Monday, May 6, 2013
No, BO: "The voices of the Founders resounded with a multiplicity of warnings against trusting government..."
May 6, 2013
americanthinker.com
Our grand "Campaigner in Chief" Barack Obama had these words for the graduates of Ohio State University on May 5, 2013.
Unfortunately, you've grown up hearing voices that incessantly warn of government as nothing more than some separate, sinister entity that's at the root of all our problems. Some of these same voices also do their best to gum up the works. They'll warn that tyranny always lurking just around the corner. You should reject these voices. Because what they suggest is that our brave, and creative, and unique experiment in self-rule is somehow just a sham with which we can't be trusted.

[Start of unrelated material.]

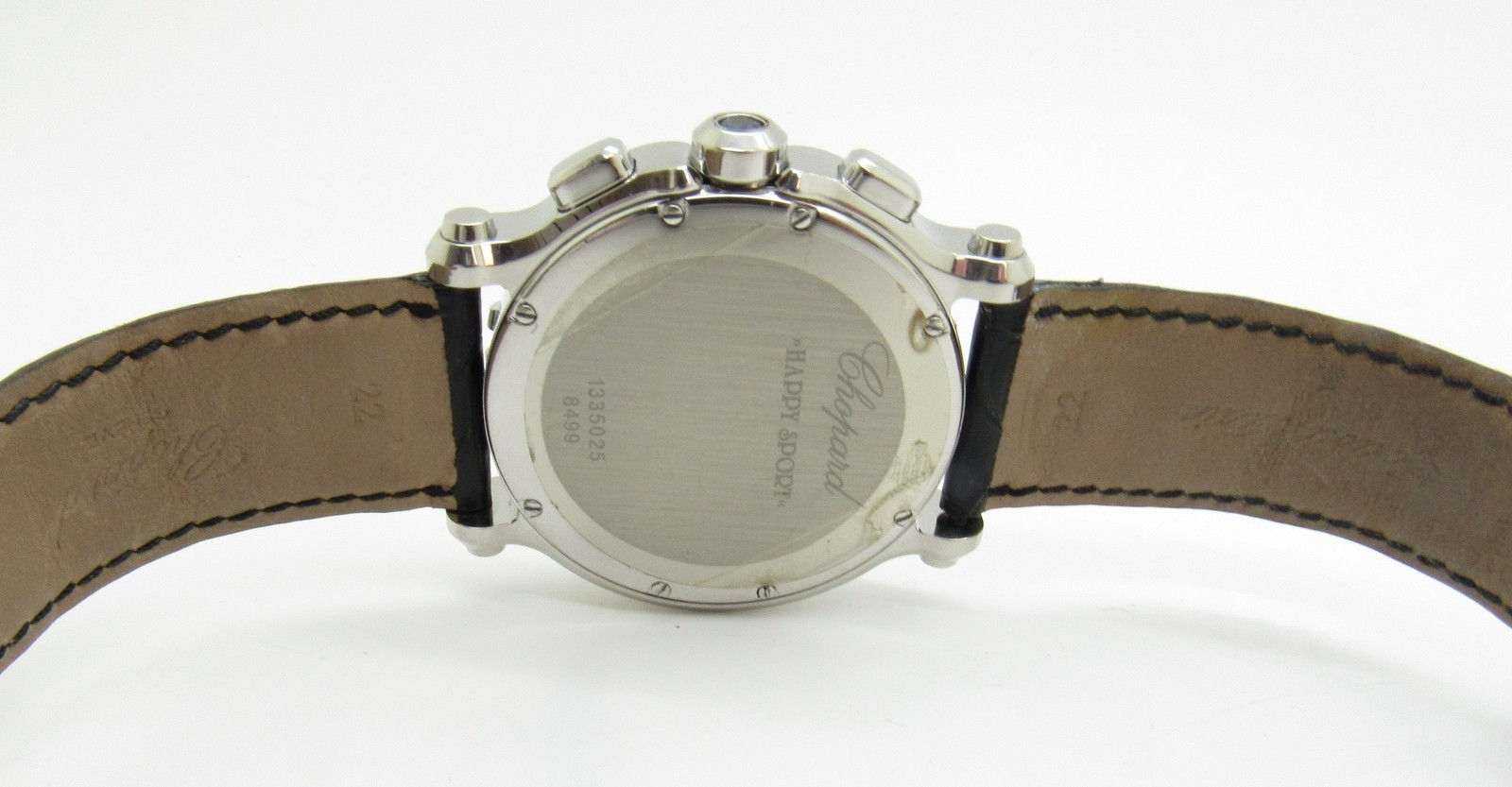CHOPARD Happy Sport Diamonds Chronograph SS  & Diamond 42mm Ladies Watch 1990's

Had any of these graduates read and understood the words of the founders of the United States of America that afforded them the freedom to pursue their dreams, they would absolutely reject President Obama's admonition to "reject these voices". The voices of the Founders resounded with a muliplicity of warnings against trusting government. Thomas Jefferson in his Notes on the State of Virginia, Query 14 in 1781 warned:
Every government degenerates when trusted to the rulers of the people alone. The people themselves, therefore, are its only safe depositories.
Perhaps James Madison in his speech at the Virginia State Conventionon Dec. 2, 1829 said it even better.
The essence of Government is power; and power, lodged as it must be in human hands, will ever be liable to abuse.
This distrust of government by the founders is well documented, yet President Obama would have all Americans place their unbridled trust in his government and ignore any voice that speaks out against the overreaching power of government. A true leader would admonish the People to listen to the voices of distrust of government, not reject them for in them lie the truths of good governance. The despotic rely upon the ignorance of the governed in their quest for power. A true servant of the People seeks only the Peoples' Liberty and revels in their education. Daniel Webster voiced his concern on this when he wrote:
I apprehend no danger to our country from a foreign foe . . . Our destruction, should it come at all, will be from another quarter. From the inattention of the people to the concerns of their government, from their carelessness and negligence, I must confess that I do apprehend some danger. I fear that they may place too implicit a confidence in their public servants, and fail properly to scrutinize their conduct; that in this way they may be made the dupes of designing men, and become the instruments of their own undoing. Make them intelligent, and they will be vigilant; give them the means of detecting the wrong, and they will apply the remedy.
Reject these voices"? No Mr. President, celebrate these voices, for in them lies the nature of the liberty our forefathers bequeathed this Nation.